Anyone can access GISAID, so long as they register and agree to credit the scientist whose data in any resulting research. Bogner said those conditions helped relieve tension among scientists who may have been reluctant to share data prepublication because “they were worried about being scooped.”
The initiative has existed since 2008. It emerged from a system of labs around the world that track and share genetic data for flu viruses.
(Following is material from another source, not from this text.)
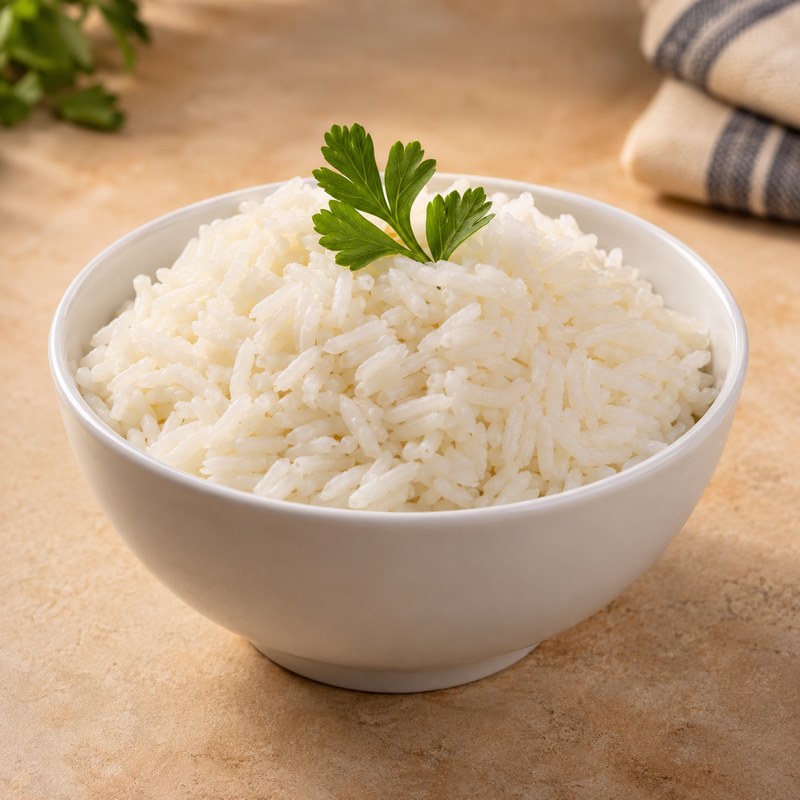 Porción extra de arroz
GISAID is a critical source for identifying strains for developing annual flu vaccines.
Global health hinges on this kind of collaboration. But there are major gaps: Not all countries have the capacity to collect and sequence the new coronavirus, which leads to blind spots in tracing it.
For example, it wasn’t until late April that researchers in Argentina had the necessary ingredients to sequence and share the first genomes of the virus there, said Goya, the Buenos Aires virologist. Bogner said GISAID is working with scientists in Tehran, to help the country begin sequencing the genome and sharing it.
For Happi, the scientist in Nigeria, another question looms: Who benefits when these sequences lead to an effective vaccine or treatment?
“The companies that are developing tools and diagnostics and vaccines should understand that because we shared the data that we should share in terms of the benefit,” he said.
Happi worries that communities vital to effort may not have equal access to lifesaving treatment once genomic data is used to successfully develop it. Or that the treatment might be too expensive. Scientists and policymakers haven’t solved that problem — at least, not yet.